You’ll notice a white dog sitting under the rear wheel of our bike. It was just there, no collar, no apparent owner, and certainly no concern. As we left this particular spot we came across a mob of sheep which were being loosely guarded by a couple of the same breed of dog and further up the road we came across a couple of others in the same mode and yet another one further on just wandering across the plain. They’re Maremma Sheepdogs, a breed of livestock guardian dog indigenous to central Italy.

We moved on to Corno Piccolo / Campo Imperatore which is the highest road point in the area with walking tracks up to the high ranges behind. There’s a motorway tunnel running directly under this place – tunnels as a road access solution certainly don’t seem to be a problem to the Italians, they’re everywhere. They need to be because there are mountains everywhere as well.

So then it was down down down.

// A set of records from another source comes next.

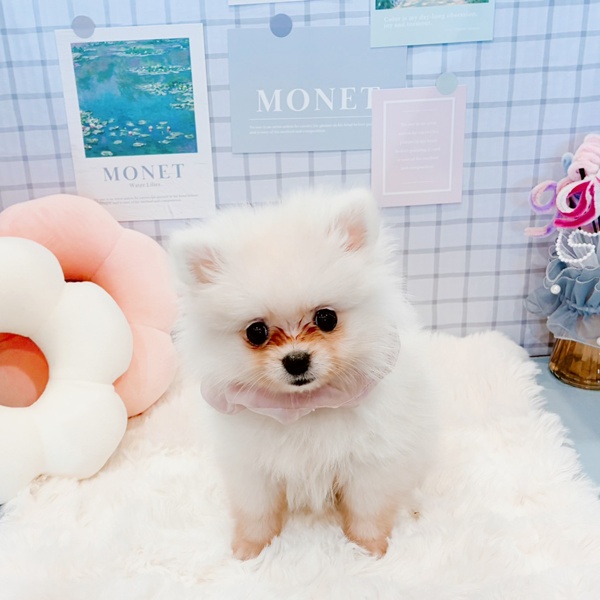 福井県のポメラニアン (犬の家＆猫の里福井店/2026年1月22日生まれ/女の子/クリーム)の子犬の4枚目の画像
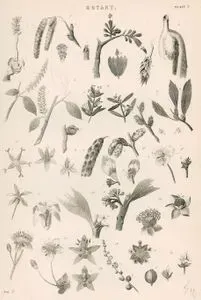 Botany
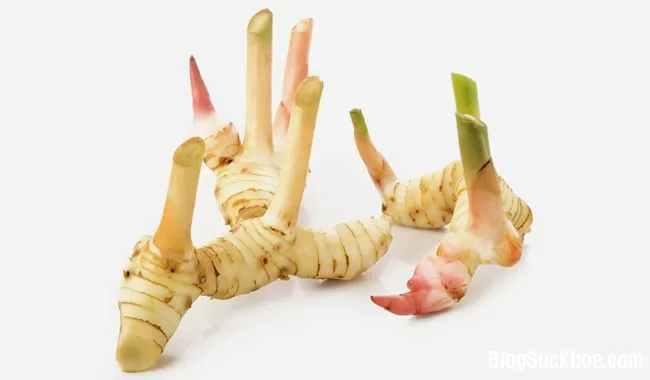 Bài thuốc chữa cảm sốt, chữa ho với riềng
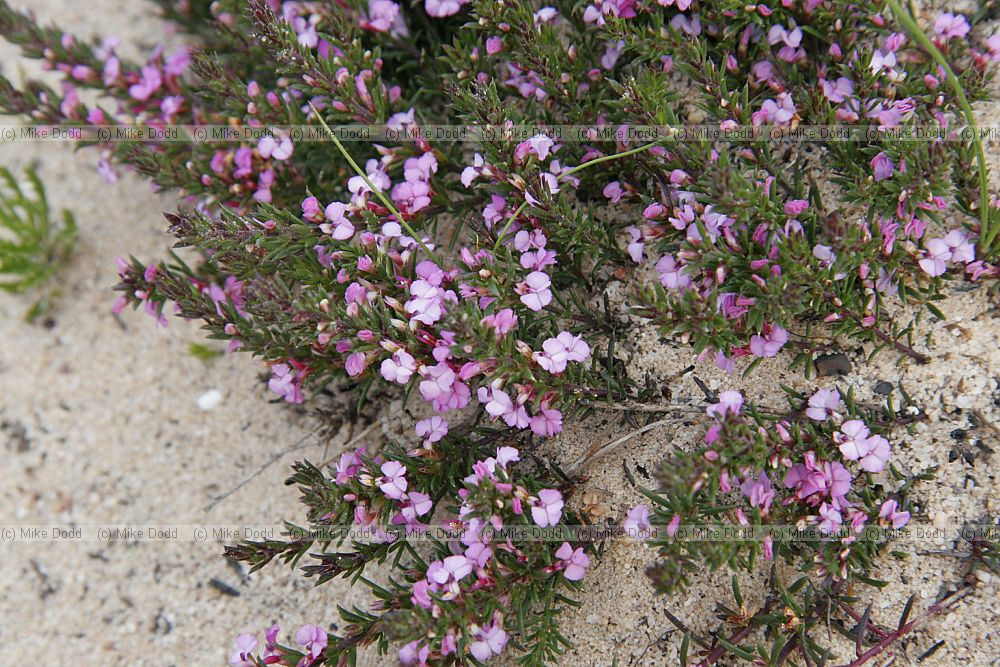 Muraltia heisteria Spiny purple gorse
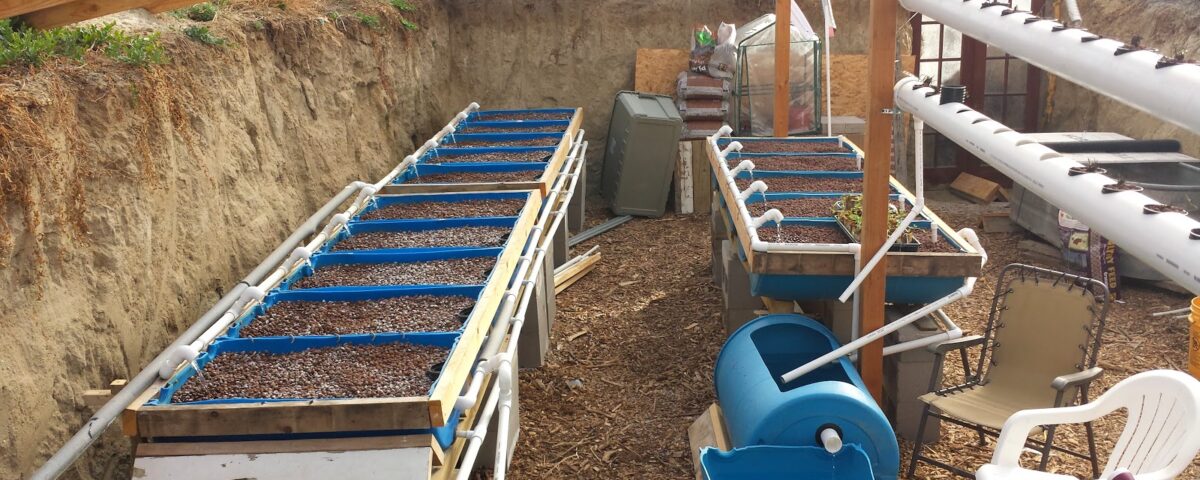 faux plan en jardinage : serre semi-enterrée walapini avec bacs de billes d'argiles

No twisties here boys, just endless switchbacks where I’m virtually looking over my shoulder going into them, and Norma’s hanging on for dear life and doing a magnificent job of spotting any vehicles coming the other way. Awesome lady.

Then it was up and up to the lovely Castelluccio basin. Interesting read here:

At 1450m and with 150 inhabitants (and triple the tourists) the fields on the slopes below the village are cultivated and in springtime are famous for their colour – in summer they look like any other fields. The pic with all the colour is from Google Images.

Day 35 was a layday so we spent it wandering around town, which took about 20 minutes, and lazing around, which took all day.

Tomorrow it’s on to San Marino.


3 thoughts on “Days 34 & 35 – Castelluccio”

  1. Must have been warm the dog found some shade not to many tree,s by the look of it. A wonderfull trip you look to have had. Lucky you must have taken some planning.


    1. Actually if I recall it wasn’t too hot being up fairly high.
      Yeah, it took a fair amount of planning. I had a hand from a book by Toby Ballentine called Motorcycle Journeys Through Western Europe which is basically 15 loops, I used a number of those but just one side of each loop if you get what I mean. Except through middle Italy and Croatia.